◆ **What is needed**:
Below are lines of data, and only some are wanted. Please repeat exactly those from the line that has "Nike Air Force" through the line that has "-奎元馆.百年奎元.非遗传承(西湖边的解放路店)".

◆ **Input data**:
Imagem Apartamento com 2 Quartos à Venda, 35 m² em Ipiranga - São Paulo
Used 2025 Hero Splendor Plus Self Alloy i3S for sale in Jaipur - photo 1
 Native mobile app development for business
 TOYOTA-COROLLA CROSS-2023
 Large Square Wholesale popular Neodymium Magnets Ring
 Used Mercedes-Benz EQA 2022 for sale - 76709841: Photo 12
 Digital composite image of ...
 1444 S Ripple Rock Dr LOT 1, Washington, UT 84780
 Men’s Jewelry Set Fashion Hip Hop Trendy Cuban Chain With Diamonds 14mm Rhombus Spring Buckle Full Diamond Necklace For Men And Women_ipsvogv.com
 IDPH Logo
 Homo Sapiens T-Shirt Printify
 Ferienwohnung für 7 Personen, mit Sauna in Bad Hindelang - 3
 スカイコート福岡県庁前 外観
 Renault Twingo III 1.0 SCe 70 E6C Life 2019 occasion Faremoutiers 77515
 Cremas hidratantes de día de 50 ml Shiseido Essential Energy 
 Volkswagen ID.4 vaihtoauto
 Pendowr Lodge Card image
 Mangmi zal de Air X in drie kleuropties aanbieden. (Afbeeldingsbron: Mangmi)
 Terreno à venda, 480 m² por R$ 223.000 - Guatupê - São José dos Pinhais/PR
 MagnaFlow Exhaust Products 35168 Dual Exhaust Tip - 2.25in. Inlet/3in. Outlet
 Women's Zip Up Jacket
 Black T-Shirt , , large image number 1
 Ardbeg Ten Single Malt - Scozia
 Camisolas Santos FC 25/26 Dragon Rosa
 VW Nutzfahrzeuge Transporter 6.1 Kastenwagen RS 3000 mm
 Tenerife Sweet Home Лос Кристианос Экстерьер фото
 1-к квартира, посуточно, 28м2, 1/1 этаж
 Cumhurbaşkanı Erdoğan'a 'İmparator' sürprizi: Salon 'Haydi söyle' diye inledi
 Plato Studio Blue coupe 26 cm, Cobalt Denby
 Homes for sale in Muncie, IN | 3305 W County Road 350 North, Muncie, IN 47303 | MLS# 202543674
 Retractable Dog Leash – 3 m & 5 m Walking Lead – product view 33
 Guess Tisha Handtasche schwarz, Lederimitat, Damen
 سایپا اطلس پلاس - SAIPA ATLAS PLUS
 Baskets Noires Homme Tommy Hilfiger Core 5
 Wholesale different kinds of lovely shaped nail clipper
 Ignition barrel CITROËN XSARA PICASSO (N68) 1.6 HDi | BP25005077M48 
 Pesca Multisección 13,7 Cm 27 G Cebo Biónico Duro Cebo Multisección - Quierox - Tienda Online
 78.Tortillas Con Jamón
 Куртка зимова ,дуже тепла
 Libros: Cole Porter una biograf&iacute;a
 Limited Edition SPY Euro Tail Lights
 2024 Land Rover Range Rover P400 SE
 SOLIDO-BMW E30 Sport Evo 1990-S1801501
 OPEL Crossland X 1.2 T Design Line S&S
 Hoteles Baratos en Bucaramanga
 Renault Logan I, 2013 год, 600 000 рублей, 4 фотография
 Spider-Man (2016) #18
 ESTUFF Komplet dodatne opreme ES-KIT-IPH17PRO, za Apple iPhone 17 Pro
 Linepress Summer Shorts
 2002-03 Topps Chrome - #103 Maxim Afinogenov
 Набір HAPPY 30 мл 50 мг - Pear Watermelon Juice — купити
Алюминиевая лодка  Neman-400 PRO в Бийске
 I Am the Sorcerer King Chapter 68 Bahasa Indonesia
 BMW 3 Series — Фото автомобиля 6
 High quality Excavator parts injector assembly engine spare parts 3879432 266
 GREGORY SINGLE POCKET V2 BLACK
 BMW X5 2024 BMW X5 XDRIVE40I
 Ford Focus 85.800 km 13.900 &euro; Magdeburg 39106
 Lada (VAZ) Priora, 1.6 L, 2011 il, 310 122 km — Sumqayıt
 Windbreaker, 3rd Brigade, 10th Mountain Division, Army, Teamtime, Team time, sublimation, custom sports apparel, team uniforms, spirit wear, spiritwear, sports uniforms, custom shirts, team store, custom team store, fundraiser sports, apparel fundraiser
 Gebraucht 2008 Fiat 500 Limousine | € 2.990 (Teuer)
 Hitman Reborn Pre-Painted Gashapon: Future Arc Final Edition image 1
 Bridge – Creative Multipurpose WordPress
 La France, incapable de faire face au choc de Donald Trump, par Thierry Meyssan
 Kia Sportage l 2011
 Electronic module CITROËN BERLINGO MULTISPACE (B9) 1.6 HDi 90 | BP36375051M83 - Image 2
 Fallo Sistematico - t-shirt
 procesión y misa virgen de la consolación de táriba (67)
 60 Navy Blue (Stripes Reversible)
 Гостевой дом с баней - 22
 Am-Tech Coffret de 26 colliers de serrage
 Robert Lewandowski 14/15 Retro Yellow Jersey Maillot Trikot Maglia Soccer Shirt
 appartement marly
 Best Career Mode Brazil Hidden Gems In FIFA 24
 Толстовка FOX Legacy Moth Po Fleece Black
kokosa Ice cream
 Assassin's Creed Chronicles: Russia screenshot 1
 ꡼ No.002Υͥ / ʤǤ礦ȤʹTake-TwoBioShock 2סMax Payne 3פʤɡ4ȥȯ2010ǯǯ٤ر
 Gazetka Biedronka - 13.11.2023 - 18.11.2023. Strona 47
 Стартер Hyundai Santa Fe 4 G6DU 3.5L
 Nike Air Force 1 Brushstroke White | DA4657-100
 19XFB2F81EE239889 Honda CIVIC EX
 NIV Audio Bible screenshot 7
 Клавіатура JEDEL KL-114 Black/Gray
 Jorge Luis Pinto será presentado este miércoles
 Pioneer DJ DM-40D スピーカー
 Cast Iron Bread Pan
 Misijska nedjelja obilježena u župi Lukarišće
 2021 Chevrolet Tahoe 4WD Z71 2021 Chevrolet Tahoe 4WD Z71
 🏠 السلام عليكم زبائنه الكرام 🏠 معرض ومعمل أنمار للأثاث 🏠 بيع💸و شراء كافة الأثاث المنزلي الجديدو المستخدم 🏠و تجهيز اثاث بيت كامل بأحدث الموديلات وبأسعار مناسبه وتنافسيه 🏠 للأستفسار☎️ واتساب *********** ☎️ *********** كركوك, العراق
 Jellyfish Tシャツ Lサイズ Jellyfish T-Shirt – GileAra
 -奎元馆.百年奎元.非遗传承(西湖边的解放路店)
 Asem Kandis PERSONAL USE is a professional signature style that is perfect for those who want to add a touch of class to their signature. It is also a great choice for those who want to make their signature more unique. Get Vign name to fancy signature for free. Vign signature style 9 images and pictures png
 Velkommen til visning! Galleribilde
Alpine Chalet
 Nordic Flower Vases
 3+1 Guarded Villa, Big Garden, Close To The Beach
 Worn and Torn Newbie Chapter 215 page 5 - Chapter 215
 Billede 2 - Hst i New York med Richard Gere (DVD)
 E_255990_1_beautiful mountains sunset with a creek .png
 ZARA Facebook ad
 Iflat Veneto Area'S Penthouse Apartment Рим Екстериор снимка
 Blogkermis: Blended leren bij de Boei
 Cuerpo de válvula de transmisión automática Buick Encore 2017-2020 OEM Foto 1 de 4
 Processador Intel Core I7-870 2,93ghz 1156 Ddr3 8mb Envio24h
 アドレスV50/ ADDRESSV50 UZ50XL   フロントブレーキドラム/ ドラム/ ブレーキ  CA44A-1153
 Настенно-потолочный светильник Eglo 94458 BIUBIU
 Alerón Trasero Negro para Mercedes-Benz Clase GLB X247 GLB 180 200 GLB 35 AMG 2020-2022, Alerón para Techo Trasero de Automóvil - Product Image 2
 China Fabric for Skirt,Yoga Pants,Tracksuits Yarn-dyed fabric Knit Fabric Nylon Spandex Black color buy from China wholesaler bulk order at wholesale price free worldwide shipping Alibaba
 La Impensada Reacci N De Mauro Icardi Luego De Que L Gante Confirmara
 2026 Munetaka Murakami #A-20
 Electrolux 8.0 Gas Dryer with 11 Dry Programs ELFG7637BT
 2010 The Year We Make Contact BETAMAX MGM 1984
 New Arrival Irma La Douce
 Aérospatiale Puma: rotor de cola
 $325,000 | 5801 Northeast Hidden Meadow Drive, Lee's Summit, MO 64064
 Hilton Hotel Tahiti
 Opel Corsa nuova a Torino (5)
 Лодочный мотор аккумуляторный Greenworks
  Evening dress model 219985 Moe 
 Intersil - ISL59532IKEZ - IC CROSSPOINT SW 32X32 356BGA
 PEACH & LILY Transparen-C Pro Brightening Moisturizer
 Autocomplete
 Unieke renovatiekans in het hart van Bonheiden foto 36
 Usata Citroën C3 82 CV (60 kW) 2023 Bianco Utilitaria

◆ **Written solution**:
 Nike Air Force 1 Brushstroke White | DA4657-100
 19XFB2F81EE239889 Honda CIVIC EX
 NIV Audio Bible screenshot 7
 Клавіатура JEDEL KL-114 Black/Gray
 Jorge Luis Pinto será presentado este miércoles
 Pioneer DJ DM-40D スピーカー
 Cast Iron Bread Pan
 Misijska nedjelja obilježena u župi Lukarišće
 2021 Chevrolet Tahoe 4WD Z71 2021 Chevrolet Tahoe 4WD Z71
 🏠 السلام عليكم زبائنه الكرام 🏠 معرض ومعمل أنمار للأثاث 🏠 بيع💸و شراء كافة الأثاث المنزلي الجديدو المستخدم 🏠و تجهيز اثاث بيت كامل بأحدث الموديلات وبأسعار مناسبه وتنافسيه 🏠 للأستفسار☎️ واتساب *********** ☎️ *********** كركوك, العراق
 Jellyfish Tシャツ Lサイズ Jellyfish T-Shirt – GileAra
 -奎元馆.百年奎元.非遗传承(西湖边的解放路店)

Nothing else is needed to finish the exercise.